* Work task
Restate word for word every entry that appears below, skipping its pictures.

* Dataset entries
------------------------------------------------

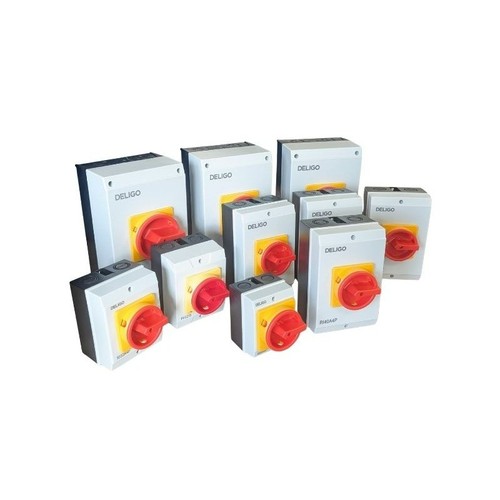 Phase isolator switch - 3,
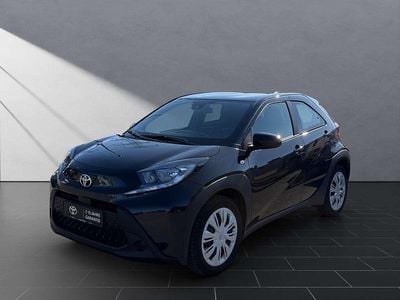 Gebraucht Toyota Aygo X Business Edition 72 PS (52 kW) 2024 Schwarz SUV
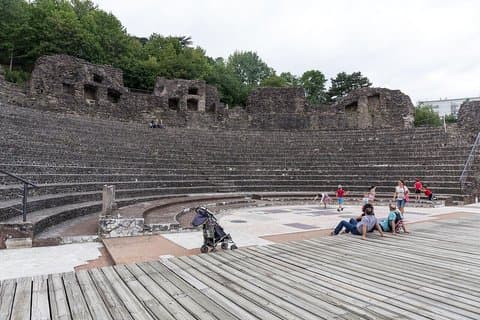 Private Roman Lyon Tour: Ancient Lugdunum, Capital of Gauls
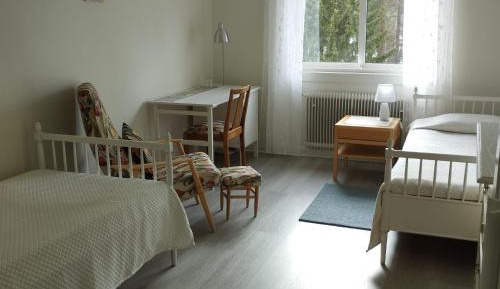 Double Room with Shared Bathroom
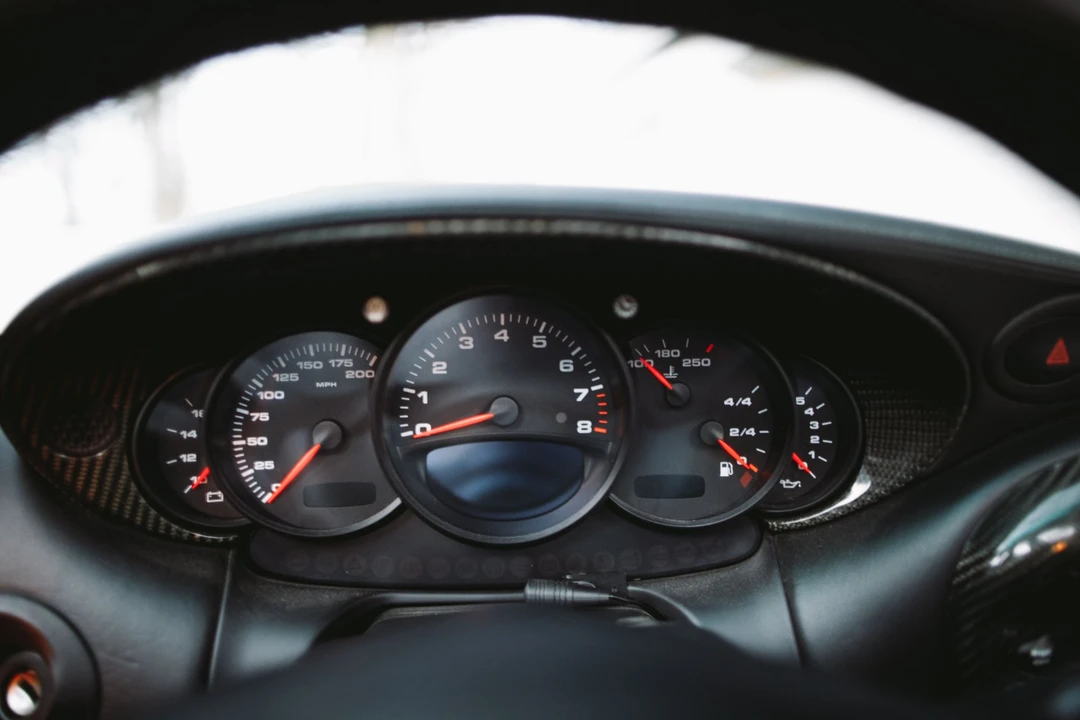 2003 Porsche 996 Carrera 4 - Image 16 of 20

------------------------------------------------

* Problem solution
 Phase isolator switch - 3,
 Gebraucht Toyota Aygo X Business Edition 72 PS (52 kW) 2024 Schwarz SUV
 Private Roman Lyon Tour: Ancient Lugdunum, Capital of Gauls
 Double Room with Shared Bathroom
 2003 Porsche 996 Carrera 4 - Image 16 of 20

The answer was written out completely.